On Sunday I went to Karakol beach, not La Karakola Beach in Venezuela, but the local beach of the town of Karakol 🤓
Karakol is not situated right on the beach of the Issyk-Kul lake like Cholpon-Ata and Bosteri, the Issyk-Kul lake is actually about some 25 miles away from here. But there is a bay not far from the town, it plays a role of a yacht port, a beach and even a vacation resort for many local people.
Sort of like Norfolk – Va beach area but a lot smaller and not as nice 😀
It is about 5 miles away from downtown Karakol and that’s where I decided to go.
There is a cheap public minibus #116 operating from downtown bazaar to the beach, but I decided to walk it there as a true tourist 🙂
I did not take a watermelon with me this time, just walked easy without a backpack.
There were beautiful views of the mountains along the road, the weather was awesome – nice and sunny, I was greeted by the local horses, cows, sheep and other animals on my way.
When I almost reached the beach, I saw that Karasaev-Przevalskiy memorial complex that I read about on the internet.
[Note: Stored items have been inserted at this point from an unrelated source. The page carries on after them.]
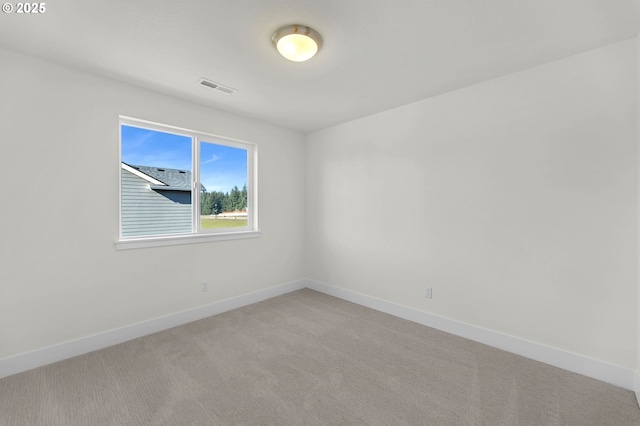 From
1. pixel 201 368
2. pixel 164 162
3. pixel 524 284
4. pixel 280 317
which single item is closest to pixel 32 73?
pixel 164 162

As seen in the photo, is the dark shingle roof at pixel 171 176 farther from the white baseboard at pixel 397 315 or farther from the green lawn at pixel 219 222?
the white baseboard at pixel 397 315

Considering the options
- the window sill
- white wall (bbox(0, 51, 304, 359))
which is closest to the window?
the window sill

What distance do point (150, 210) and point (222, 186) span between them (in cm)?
90

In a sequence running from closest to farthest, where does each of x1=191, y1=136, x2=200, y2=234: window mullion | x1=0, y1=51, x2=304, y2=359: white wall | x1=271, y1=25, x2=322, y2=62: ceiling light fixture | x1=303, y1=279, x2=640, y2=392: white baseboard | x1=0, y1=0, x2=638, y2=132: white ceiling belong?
x1=0, y1=0, x2=638, y2=132: white ceiling → x1=271, y1=25, x2=322, y2=62: ceiling light fixture → x1=303, y1=279, x2=640, y2=392: white baseboard → x1=0, y1=51, x2=304, y2=359: white wall → x1=191, y1=136, x2=200, y2=234: window mullion

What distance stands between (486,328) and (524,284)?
563mm

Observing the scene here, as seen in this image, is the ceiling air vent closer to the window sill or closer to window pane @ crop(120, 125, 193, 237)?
window pane @ crop(120, 125, 193, 237)

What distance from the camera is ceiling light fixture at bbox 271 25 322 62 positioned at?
6.07ft

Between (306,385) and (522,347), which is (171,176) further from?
(522,347)

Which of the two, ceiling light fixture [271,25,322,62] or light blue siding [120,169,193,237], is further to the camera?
light blue siding [120,169,193,237]

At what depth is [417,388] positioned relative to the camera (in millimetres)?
1996

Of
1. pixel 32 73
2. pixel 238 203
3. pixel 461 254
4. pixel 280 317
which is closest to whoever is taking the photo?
A: pixel 32 73

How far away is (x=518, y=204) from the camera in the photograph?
247 centimetres

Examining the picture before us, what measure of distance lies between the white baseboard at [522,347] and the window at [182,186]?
2121 mm

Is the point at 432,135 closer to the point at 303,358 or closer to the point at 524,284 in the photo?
the point at 524,284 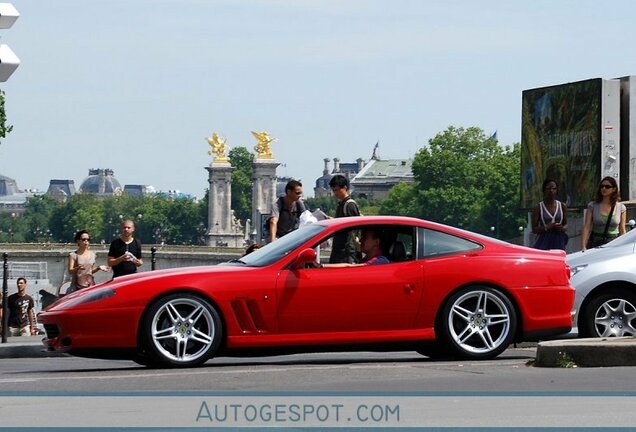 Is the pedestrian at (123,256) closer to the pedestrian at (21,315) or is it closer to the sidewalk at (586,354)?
the sidewalk at (586,354)

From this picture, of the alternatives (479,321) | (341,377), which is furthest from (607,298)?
(341,377)

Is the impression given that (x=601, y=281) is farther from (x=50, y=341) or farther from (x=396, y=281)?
(x=50, y=341)

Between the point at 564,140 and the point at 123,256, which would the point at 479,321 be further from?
the point at 564,140

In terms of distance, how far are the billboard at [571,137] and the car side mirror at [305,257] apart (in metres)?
20.8

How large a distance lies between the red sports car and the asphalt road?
0.66ft

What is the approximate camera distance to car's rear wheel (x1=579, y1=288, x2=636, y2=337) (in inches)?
601

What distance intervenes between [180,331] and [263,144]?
549ft

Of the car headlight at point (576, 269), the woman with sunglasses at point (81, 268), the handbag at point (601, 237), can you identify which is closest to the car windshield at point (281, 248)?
the car headlight at point (576, 269)

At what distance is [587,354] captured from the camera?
1300 cm

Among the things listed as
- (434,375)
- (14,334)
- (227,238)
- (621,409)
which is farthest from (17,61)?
(227,238)

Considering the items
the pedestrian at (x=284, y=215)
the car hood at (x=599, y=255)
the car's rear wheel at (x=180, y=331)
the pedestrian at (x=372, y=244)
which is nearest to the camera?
the car's rear wheel at (x=180, y=331)

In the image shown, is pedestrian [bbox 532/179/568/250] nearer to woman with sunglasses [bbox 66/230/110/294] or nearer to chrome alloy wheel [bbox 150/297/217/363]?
woman with sunglasses [bbox 66/230/110/294]

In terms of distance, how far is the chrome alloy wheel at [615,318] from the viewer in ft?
50.0

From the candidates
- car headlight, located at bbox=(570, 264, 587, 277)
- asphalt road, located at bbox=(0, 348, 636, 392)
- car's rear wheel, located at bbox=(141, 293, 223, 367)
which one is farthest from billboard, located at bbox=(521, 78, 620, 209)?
car's rear wheel, located at bbox=(141, 293, 223, 367)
It is one of the Karakol most famous historical attractions.
It was cheap – just about 1 US $ and I sure went in.
I attended both museums of Karasaev and Przevalskiy. I learned a lot about both men, about their lives before they became famous.
The fact that Karakol was re-named to Przevalsk at some point of history, is perhaps not news for anyone. The fact that Pzevalskiy himself was a famous Russian adventurer, a Russian Geographical Society member and an honorable member of the Russian Science Academy is perhaps not news too. But what I liked to learn about him is where exactly he was born, about his personal life and about his expeditions through Asia in more details.
Apparently he did a number of expeditions around here and even achieved Lhasa one day. Interesting though that the monks wouldn’t let him and his expedition people to enter the capital of Tibet and he had to turn around.
He was a great discoverer indeed! It seems like he would not hesitate to discover anything that was brought to his attention on his way – the wild animals that the local people lived side by side for hundreds of years, the herbs that the local people have been collecting and using in their everyday life for hundreds of years, the mountain picks and pathways that the locals traveled through for hundreds of years. A great discoverer indeed – he discovered so many «new» things, perhaps a horse is the last thing he hasn’t discovered yet… oh did he…? wait a minute… 🤔 😀
And yet, at that time, most of this information seemed to be new for the western scientists and that’s what made him famous. He even got one of the highest mountain picks not far from Karakol named in his honor – the Przevalskiy peak.
He died unexpectedly from a typhoid fever and before dying he asked to bury him here, on the high shore of Issuk-Kul lake not far from Karakol.
Karasaev, in its turn, was a great Kyrgyz philologist famous for writing the very first Kyrgyz-Russian dictionary. He attended college in Tashkent and later in Saint-Petersburg. This was the time of Russian revolution and all his childhood and school friends who stayed at home were killed while he was in Russia. Such a sad story of horrible things that common folks have deal with during a civil war 😦
Karasaev was also buried here, in this park on the high shore of Issyk-Kul lake.
On my way out of the museum I talked to a lady who was selling tickets to enter the museum. She turned out to be a very kind person, she told me a couple of good stories about Karasaev and she also told me about other historical and natural tourist attractions to see here around Karakul area. She was just another example of how kind and generous Kyrgyz people are.
I then finally walked to the beach and enjoyed the views. The weather was amazing, it was warm and sunny I even thought about swimming in the lake, but did not 😉
I walked a little more and took a public transportation minibus to get back to town.
It drove me to the Karakol downtown bazaar in just about 15 minutes and I walked home from there.